Pour terminer, quatre observations :

  1. La réglementation sur le DPE a connu dans le passé bien des modifications. Il faut s’attendre à ce qu’il en aille de même pour le futur, notamment en ce qui concerne l’horizon 2034 d’application de contraintes de DPE pour les locations touristiques.
  2. Le fait que les locations dans les résidences des Arcs ne soient pas soumises à des obligations d’exigence de DPE avant 2034 ne doit pas être considéré comme un encouragement à ne rien faire pour l’amélioration de l’isolation thermique, facteur d’économies sur les dépenses de chauffage et d’amélioration du confort thermique. La rénovation de bâtiments datant pour beaucoup de 4 ou 5 décennies est à l’évidence très souhaitable, ce à quoi nombre de copropriétés se sont d’ailleurs d’ores et déjà employées.
  3. De nombreux bâtiments des Arcs étaient très innovants dès l’origine, avec notamment des VMC double flux (très positif pour le DPE), et concernant Arc 1600, la rénovation de la chaufferie biomasse a été également une évolution majeure pour la notation du DPE.
  4. Le DPE d’un logement pris isolément ne doit jamais être vu comme une fin en soi, mais comme un maillon d’une chaîne plus large. Un studio peut difficilement progresser seul quand l’essentiel de sa performance dépend de l’enveloppe du bâtiment — façade, toiture, menuiseries des parties communes — qui échappe totalement au propriétaire individuel. C’est pourquoi le DPE logement est indissociable, en copropriété, du DPE collectif de l’immeuble : lui seul permet de mesurer où se situe réellement le bâtiment, au-delà des situations particulières de chaque lot.

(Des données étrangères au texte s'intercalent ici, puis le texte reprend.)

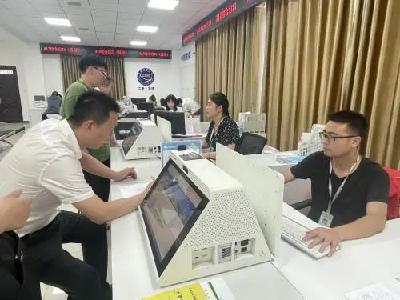 江陵县发改局开展“局长走流程”活动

    Cette évaluation collective doit elle-même déboucher sur un audit énergétique, qui identifie et chiffre les travaux pertinents, puis sur un plan pluriannuel de travaux qui les programme dans le temps et dans le budget de la copropriété. C’est cette chaîne complète — DPE individuel, DPE collectif, audit, PPT — qui seule permet de préparer sérieusement l’avenir de nos bâtiments : un confort d’hiver renforcé, mais aussi un confort d’été qui devient un enjeu à part entière avec le réchauffement climatique, et une consommation énergétique ramenée à un niveau raisonnable pour l’avenir de notre planète.

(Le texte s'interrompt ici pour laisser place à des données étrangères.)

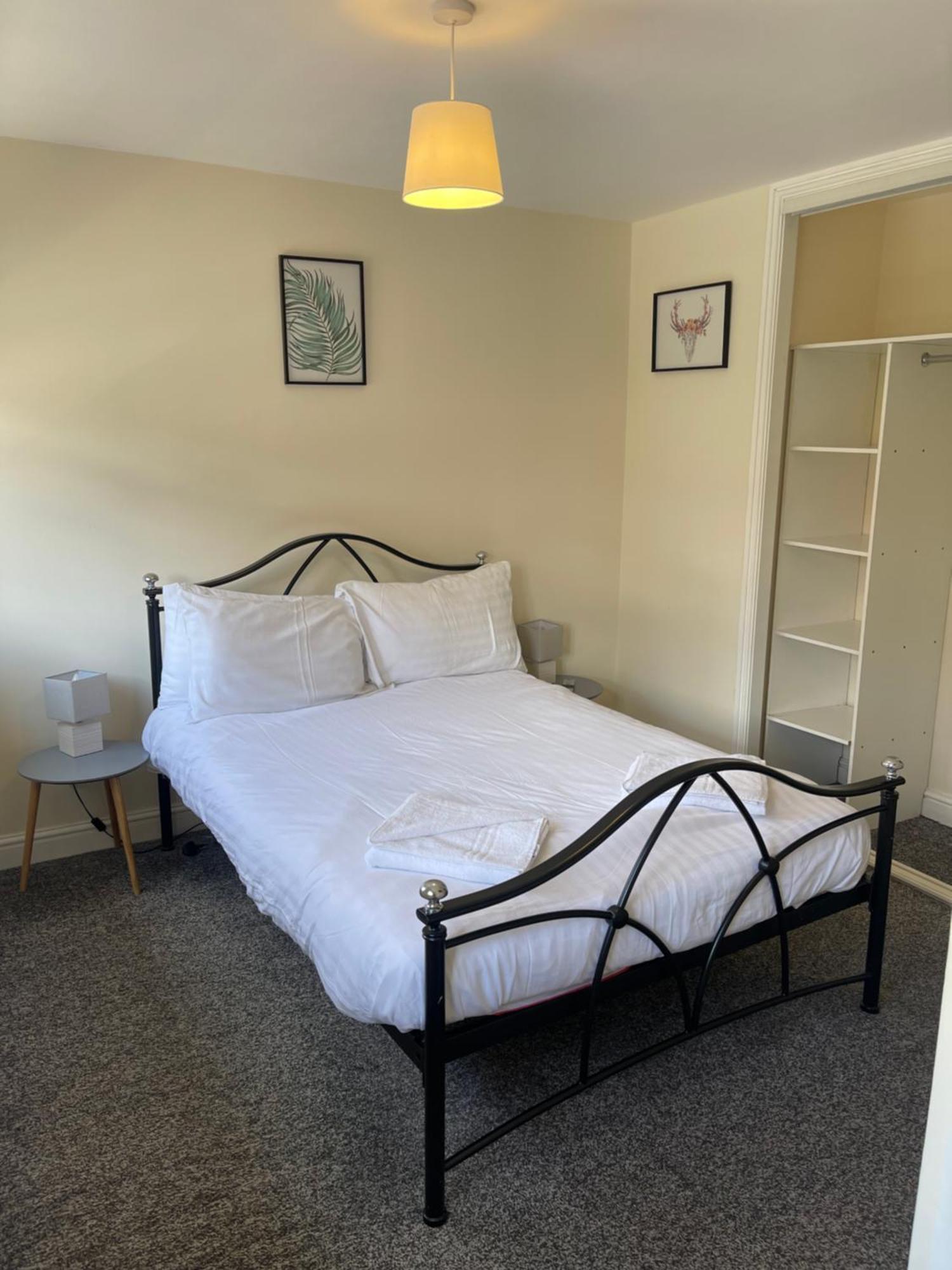 House Number 4 Sleeps Up To 4 With Smart Tvs In Every Room Wellington  Eksteriør billede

    Aux Arcs plus qu’ailleurs, cet enjeu a un sens très concret. Nos bâtiments existent parce qu’il y a de la neige, et notre activité économique en dépend directement. Réduire durablement l’empreinte énergétique de nos résidences n’est donc pas qu’une contrainte réglementaire de plus : c’est aussi, très directement, une façon de préserver les conditions qui font vivre la station — et de continuer, demain, à profiter de la montagne que nous avons choisie.

Cet article présente l’état du droit à la date de sa rédaction. Les mesures évoquées en section 4 relèvent d’un projet de loi non encore adopté définitivement et sont susceptibles d’évoluer lors de l’examen à l’Assemblée nationale. Ce document ne se substitue pas à une analyse au cas par cas, notamment sur les questions de zonage communal et de règlement de copropriété.